THE Scottish Greens co-leaders have described a de facto referendum as a “last ditch” attempt to secure independence.

This follows the UK Supreme Court ruling which said the Scottish Parliament could not legislate for an independence referendum without Westminster’s consent.

Nicola Sturgeon has previously said she wants to use the next UK General Election as a “de facto” referendum where the SNP will make it clear they are campaigning on the sole issue of independence.

The party is set to hold a special conference to agree what would be in their manifesto for that election.

READ MORE: Scottish Greens: 2022 showed value of speaking truth to power

In an interview with The Scotsman, Patrick Harvie and Lorna Slater said that a victory for pro-independence parties would mean the UK Government would need to negotiate the terms for an independent Scotland or it would show “the UK is no longer a democracy”.

Harvie told the newspaper: “If we are left with a de-facto referendum as the only option, that is in place of the referendum that we ought to have, that we deserve to have, that we have a right to have.

“It’s not about triggering another one, it’s about answering the question.”

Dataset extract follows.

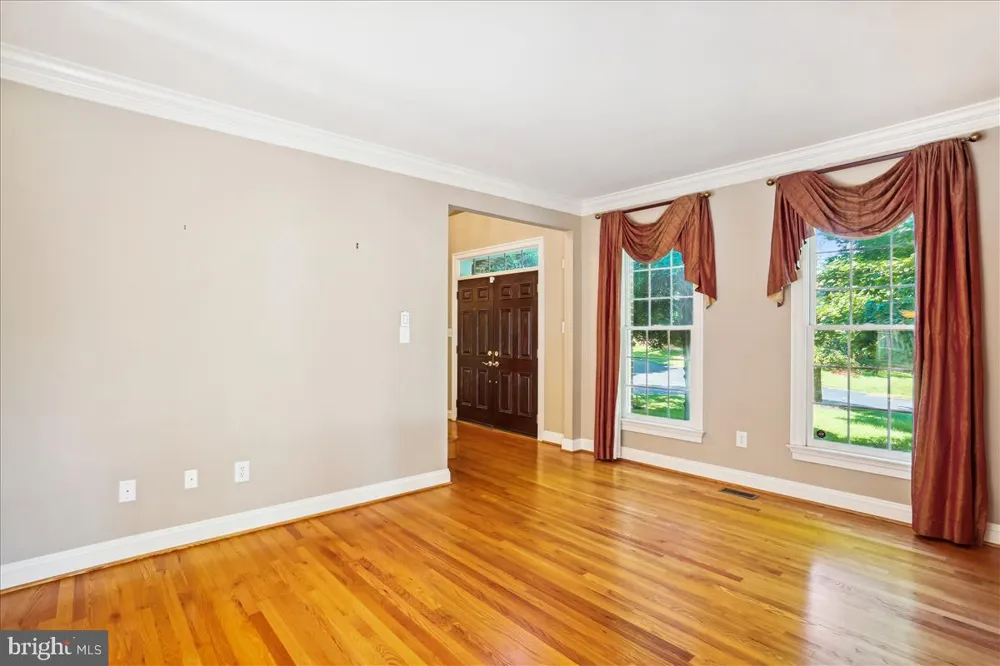 8931 FALLS FARM DRIVE Potomac, MD 20854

He continued: “The will of the people of Scotland needs to be asserted democratically. If an election is the only way of doing that, then that’s the last ditch.

“If that’s the only option they leave us and we take through that process and they ignore the result, then the UK is no longer a democracy.”

In December, the Sunday National revealed that white papers on Scottish independence would still be published.

This came after John Swinney announced the £20 million allocated for a referendum will instead be used to support vulnerable people against soaring bills.

Elsewhere, Slater accused unionist parties of “cowardice” and said that “they have to provide a framework for us”.

She told The Scotsman: “They don’t want to talk about the Union. They know we have a better story to tell and so they do the only thing they can, which is block the referendum.

“They should have the courage of their convictions. If they think the Union is so great, they should come up and debate with us on it.”